Work required: From the first line of the listing below, retype each line up to and including the one with "zum Eintrag (1103540-160)"; pictures stay out.

Dataset excerpts:
*** Block opens ***
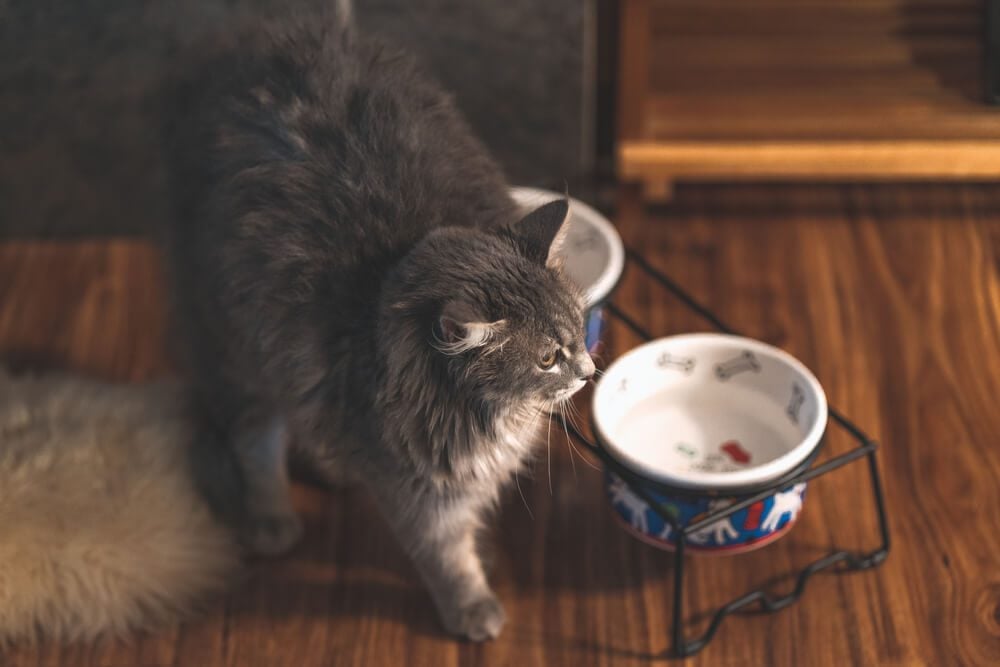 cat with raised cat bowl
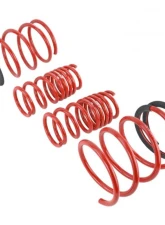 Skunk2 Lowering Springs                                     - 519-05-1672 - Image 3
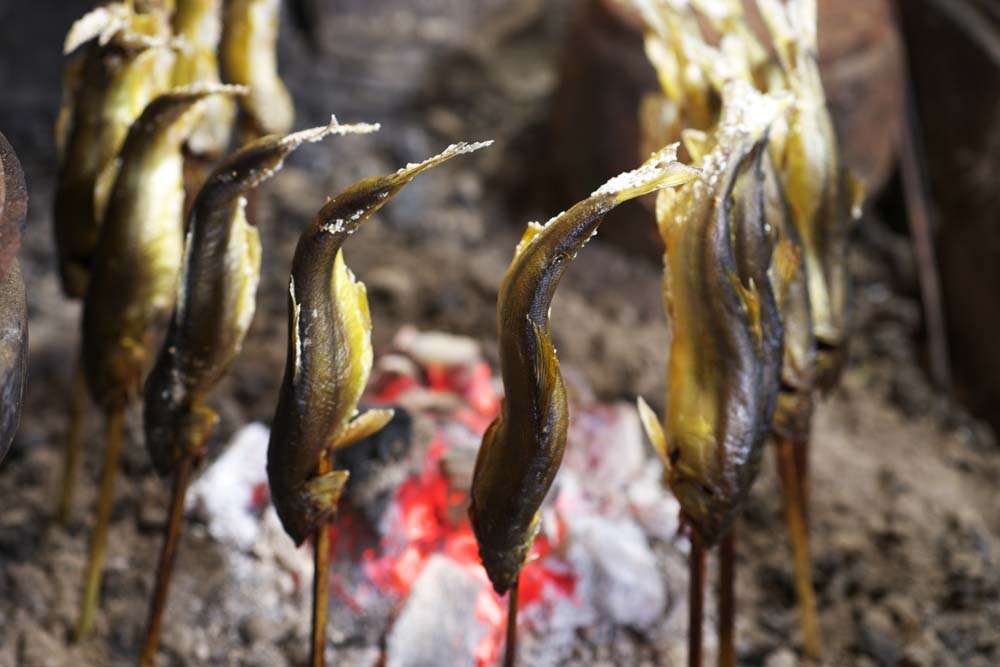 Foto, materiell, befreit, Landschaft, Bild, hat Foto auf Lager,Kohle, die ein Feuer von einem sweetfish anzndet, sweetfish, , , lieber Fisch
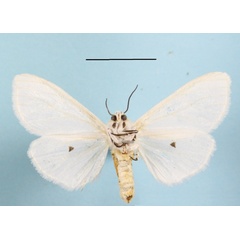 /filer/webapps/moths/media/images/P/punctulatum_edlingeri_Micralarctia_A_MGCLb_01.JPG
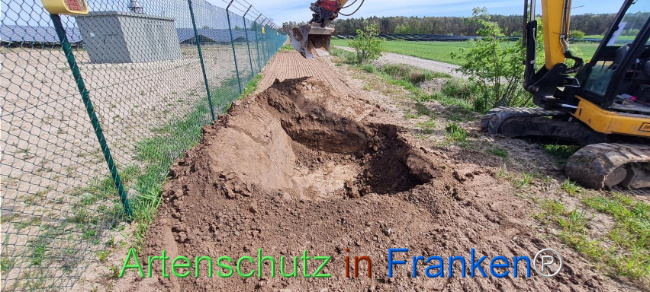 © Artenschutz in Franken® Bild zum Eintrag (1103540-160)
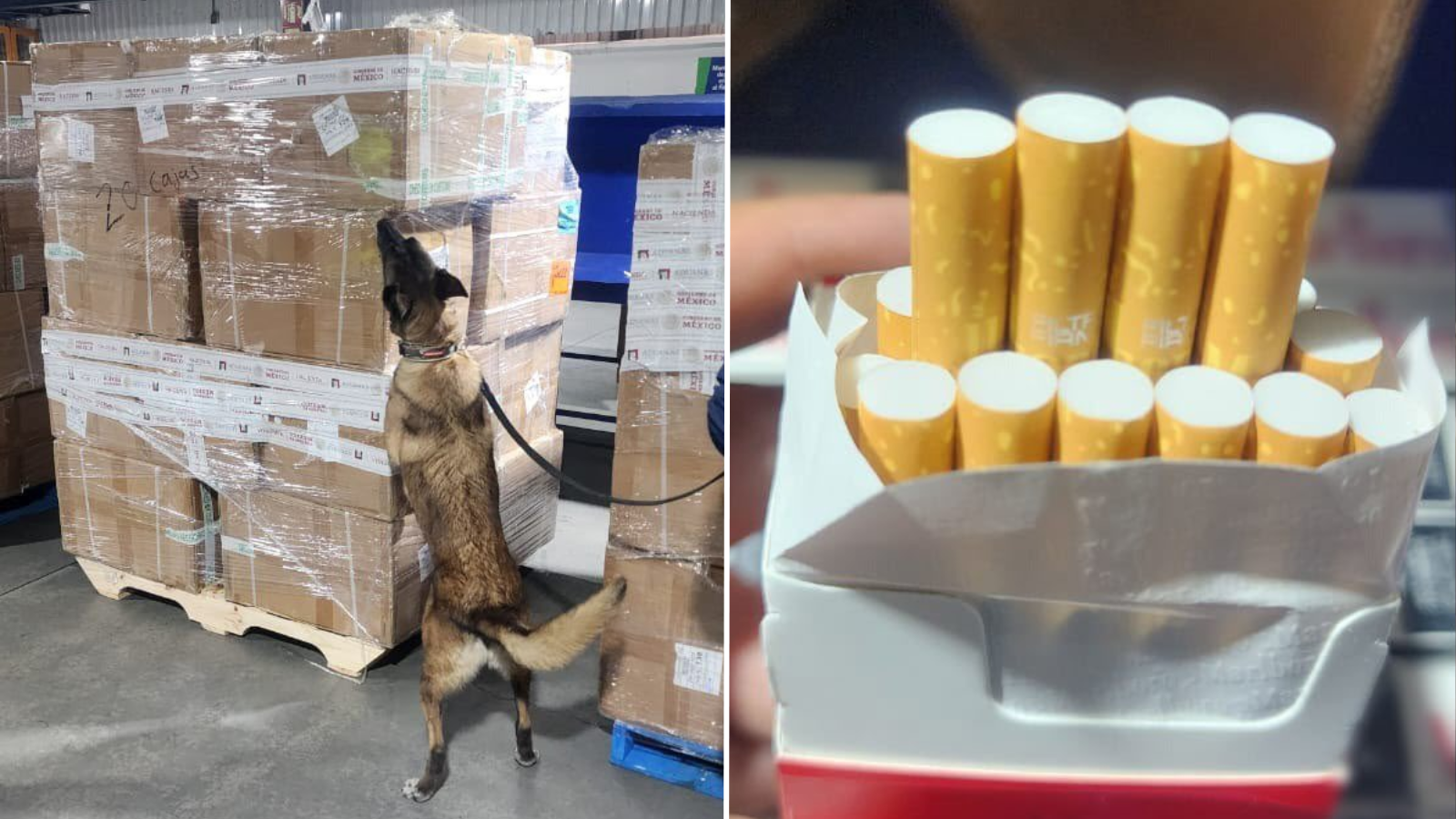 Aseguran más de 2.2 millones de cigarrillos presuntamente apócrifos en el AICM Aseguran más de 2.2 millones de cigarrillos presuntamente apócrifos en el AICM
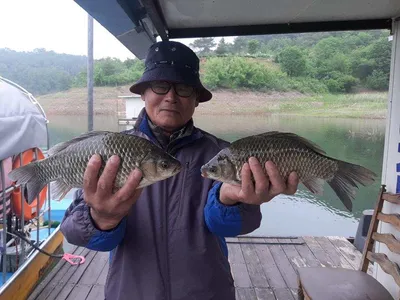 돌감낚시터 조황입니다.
*** Block closes ***
Response for this exercise:
 cat with raised cat bowl
 Skunk2 Lowering Springs                                     - 519-05-1672 - Image 3
 Foto, materiell, befreit, Landschaft, Bild, hat Foto auf Lager,Kohle, die ein Feuer von einem sweetfish anzndet, sweetfish, , , lieber Fisch
 /filer/webapps/moths/media/images/P/punctulatum_edlingeri_Micralarctia_A_MGCLb_01.JPG
 © Artenschutz in Franken® Bild zum Eintrag (1103540-160)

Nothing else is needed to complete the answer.